On Wednesday, a Manhattan jury announced its verdict mere hours after lawyers on both sides presented their closing arguments. Kidd Creole – real name Nathaniel Glover – first gained fame in the early 1980s as an original member of seminal hip hop collective Grandmaster Flash and the Furious Five.
After living a quieter life away from music, it was in 2017 that he gained wider infamy when he encountered John Jolly, a homeless man, on a Manhattan street. While on his way to work, Glover stabbed Jolly, who died from his injuries at hospital shortly after. Glover was arrested the very next day and charged with second-degree murder.
According to a videotaped interview with police following the incident, Glover claimed he grew frustrated after thinking that Jolly wanted to pick him up. “To tell the truth, I thought he was gay and because I thought he was gay, and he was saying that to me, ‘what’s up,’ I was thinking that he was thinking [that] I was gay,” Glover said back then. “So I was a little annoyed by that.”
“He approached me. I got a little nervous,” Glover claimed. So then I tried to back up a little bit, and he moved forward, and then I just took the knife and stabbed him … I wish I never would have seen him. It’s all my fault, because I chose to stab him. I have to take responsibility for that.”

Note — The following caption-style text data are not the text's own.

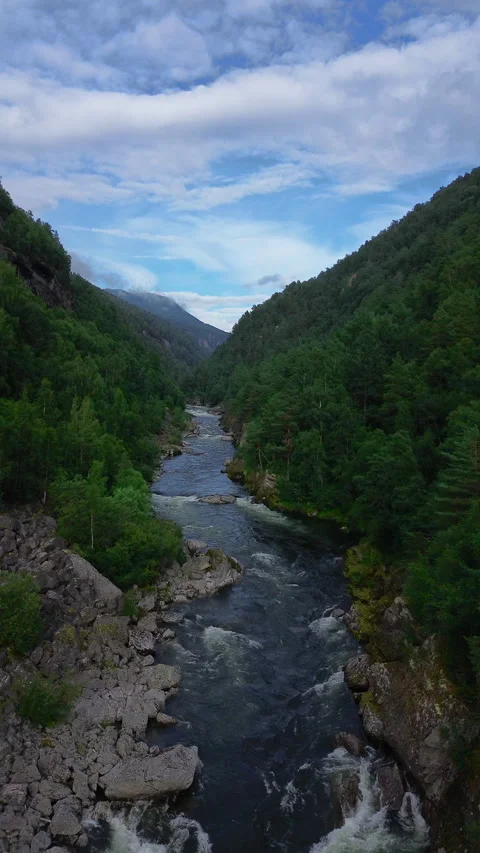 4K drone view of a serene river flowing through lush green mountains in Norway Stock Footage 296026133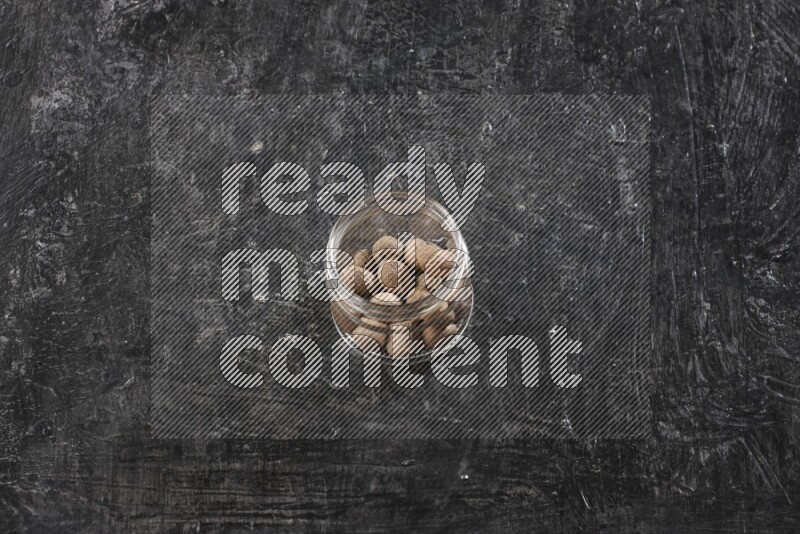 A glass jar full of whole nutmeg seeds on a black flooring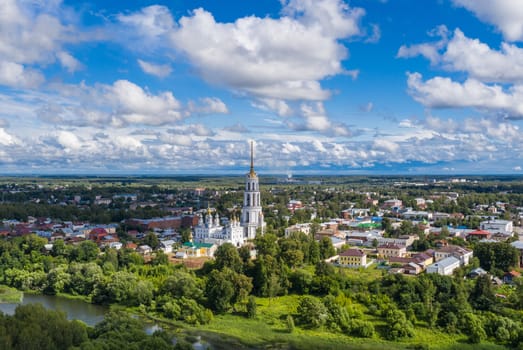streets of a provincial town in Russia with a high bell tower on a sunny summer day, shot from above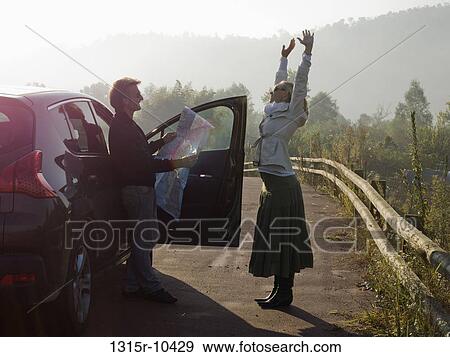 Italy, Piedmont, Couple stretching beside car View Large Photo Image Stock Photo - Italy, Piedmont, Couple stretching beside car. Fotosearch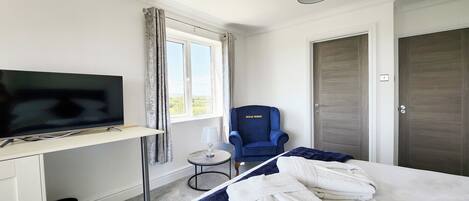 A hotel room with a bed, a desk with a TV, a chair, and a door.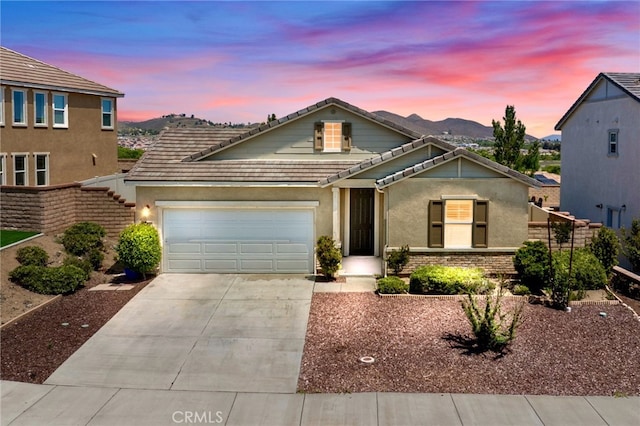 24848 Coldwater Canyon Trl, Menifee, CA 92584 - traditional home with a tiled roof, an attached garage, concrete driveway, and stucco siding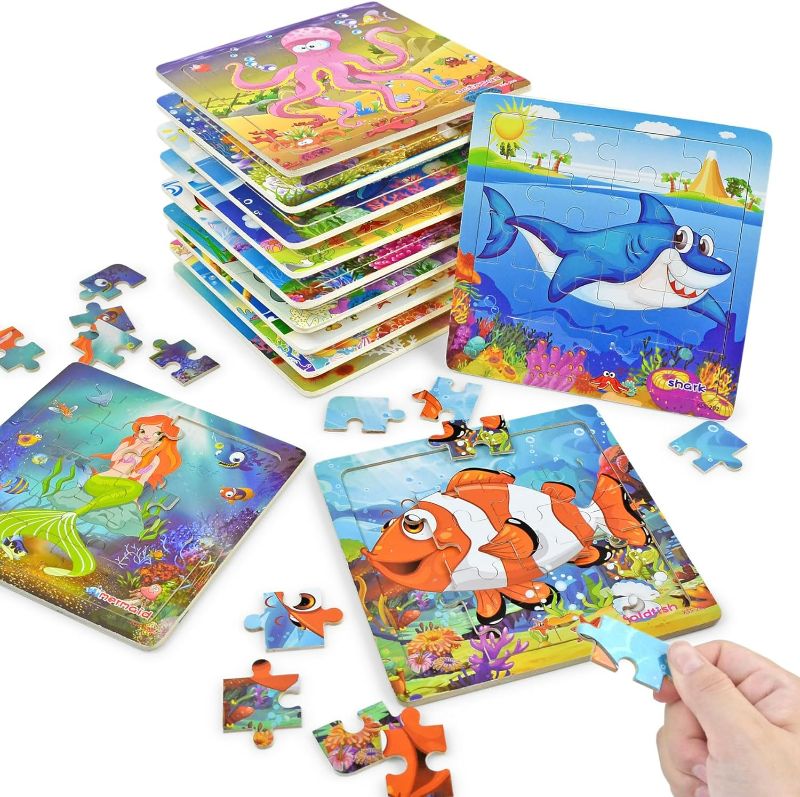 Photo 1 of Vileafy 12Pack Wooden Jigsaw Puzzles Party Favors for Kids Age 4-8 Years Old, Sea Animals Small Toddler Puzzles - Gifts and Travel Puzzles 20 Pieces Per Puzzle with Organza Bags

In Glover’s trial, prosecutors insisted that he had no reason to fear Jolly, let alone kill him. They alleged that Glover’s actions might have been the result of his own homophobia. Glover’s team, conversely, claimed that their client stabbed Jolly out of fear. They further argued that Jolly, who was intoxicated, died from the combination of alcohol and a sedative administered at the hospital.

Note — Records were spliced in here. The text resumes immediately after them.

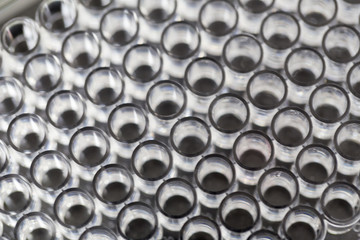 Backgrounds of Science research with 96 wells microplate for laboratory testing.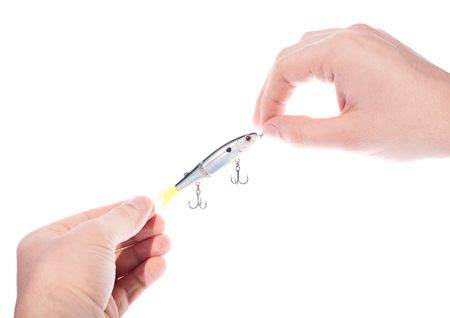 Closeup of male hands holding bait to fish with hooks. Isolated on white backgroundの写真素材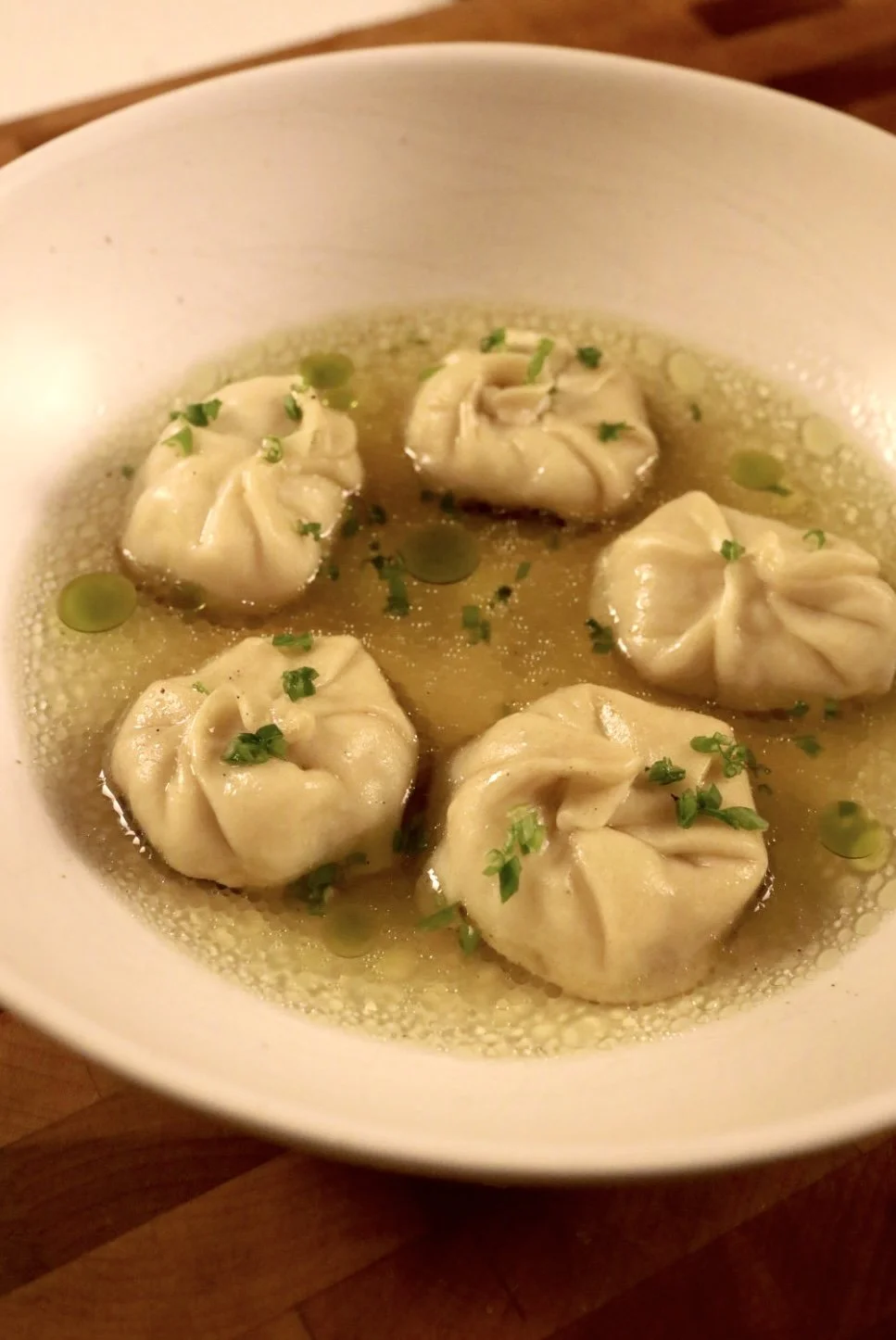 A white bowl with five steamed dumplings in broth garnished with chopped green herbs and small green peas.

According to Glover’s lawyer, Scottie Celestin, both the police and prosecutors acted hastily in deciding Glover was guilty. “They did the perp walk. They paraded him in front of the camera,” and then, “That’s it.” “The devil is in the details,” Celestin said, arguing that medical records provided years after Jolly’s death didn’t support the claim that he died from stab wounds.
According to Celestin, prosecutors thus “doubled down because no one is going to say they made a mistake.” “It’s human nature. They are human, doing self-preservation … It’s hard to say that you made a mistake — especially in this type of case where they already paraded Mr. Glover before the media,” Celestin said.

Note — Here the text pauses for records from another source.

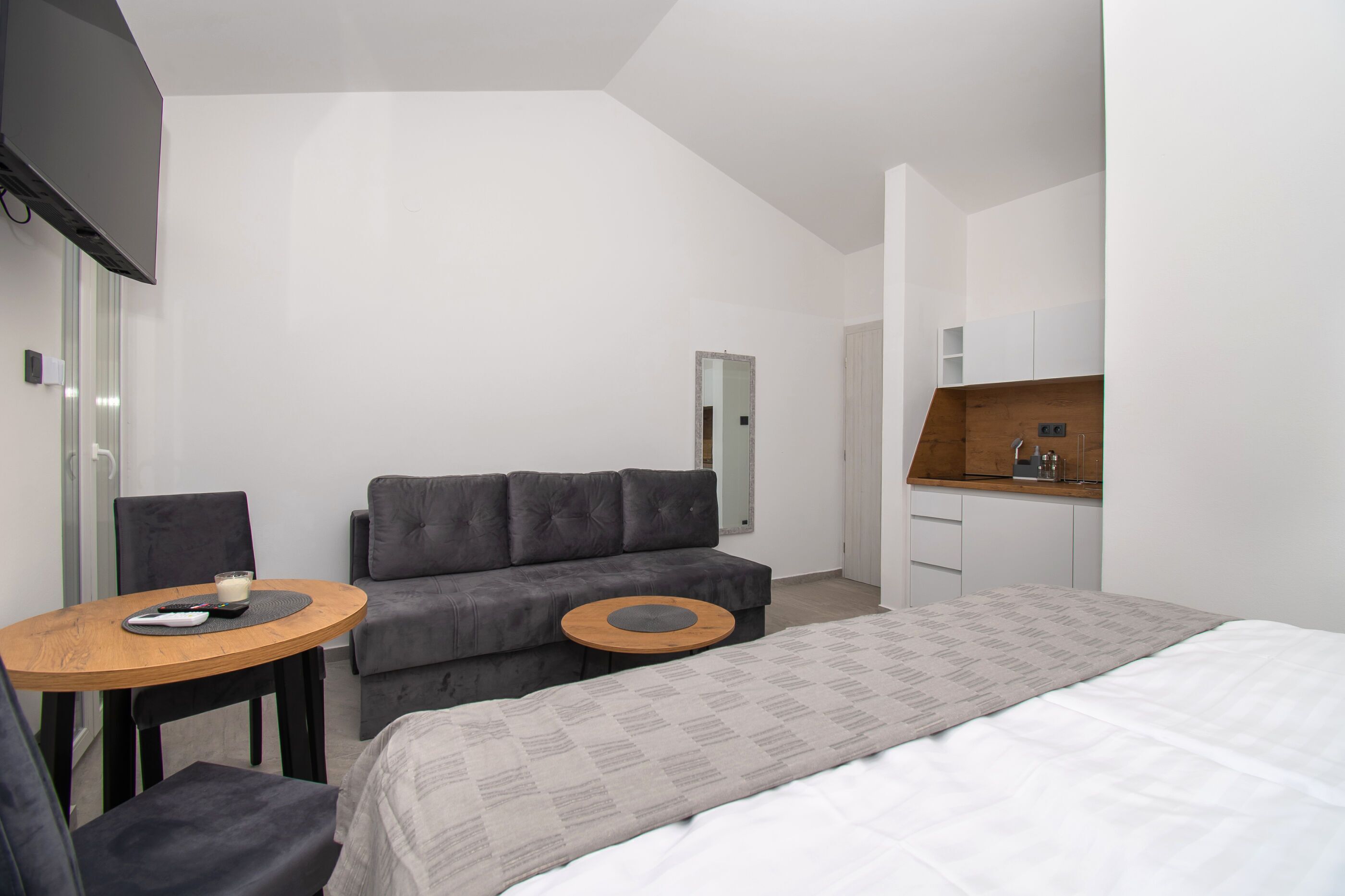 Una camera d'albergo moderna con un divano, un piccolo tavolino rotondo, un letto, una scrivania in legno e una TV a parete.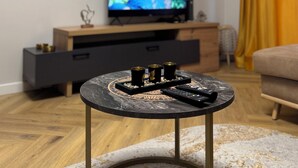 Ett vardagsrum med en tv på ett träställ, ett soffbord med dekorativa föremål och en soffa.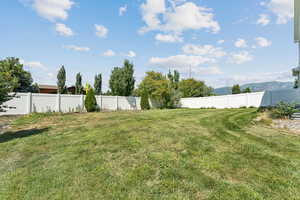 View of fenced backyard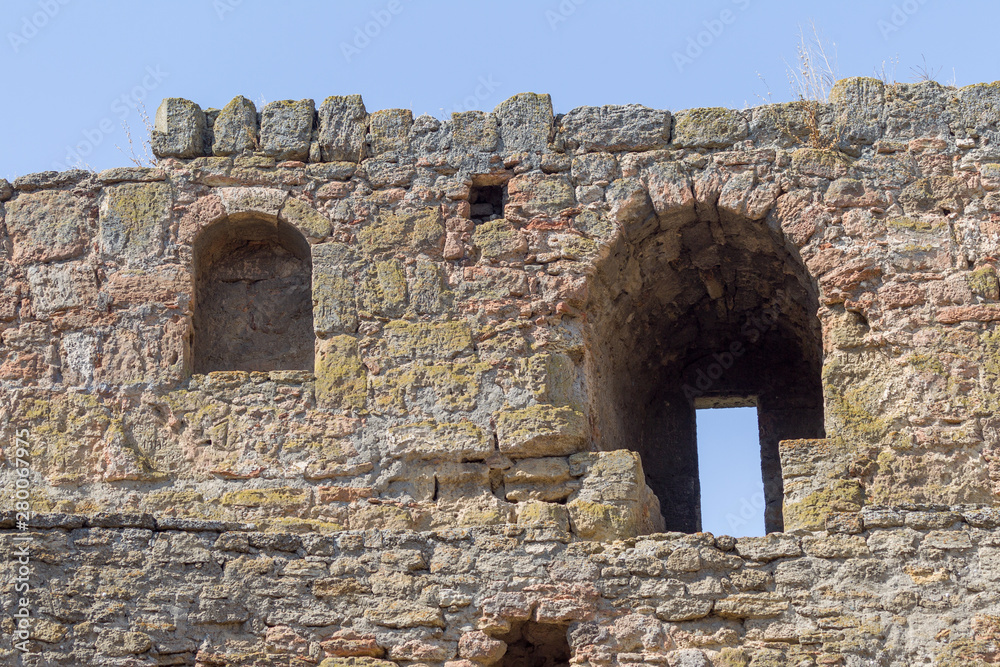 Ancient stone and brick Akkerman fortress, Belgorod-Dniester, Ukraine 13th century, part of the southeastern defensive wall. Fragment of the fortress wall, an ancient tile on a defensive tower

Glover’s lawyer also questioned the motive: did his client have any motive to kill or seriously harm Jolly? “You don’t have to go any further than Mr. Glover’s own statements. “He repeatedly says, ‘I didn’t want to hurt him. I just didn’t want him to hurt me. Look at the video. He’s being honest. He’s being truthful.”
Prosecutor Mark Dahl contended in his closing arguments that Celestin’s statements were simply an example of “hiding what’s so obviously true” – that Glover killed Jolly in a senseless act of violence. “All of the evidence proves that Glover killed Jolly “in cold blood,” Dahl said.
Glover will face sentencing on May 4th. He faces a maximum of 25 years in prison.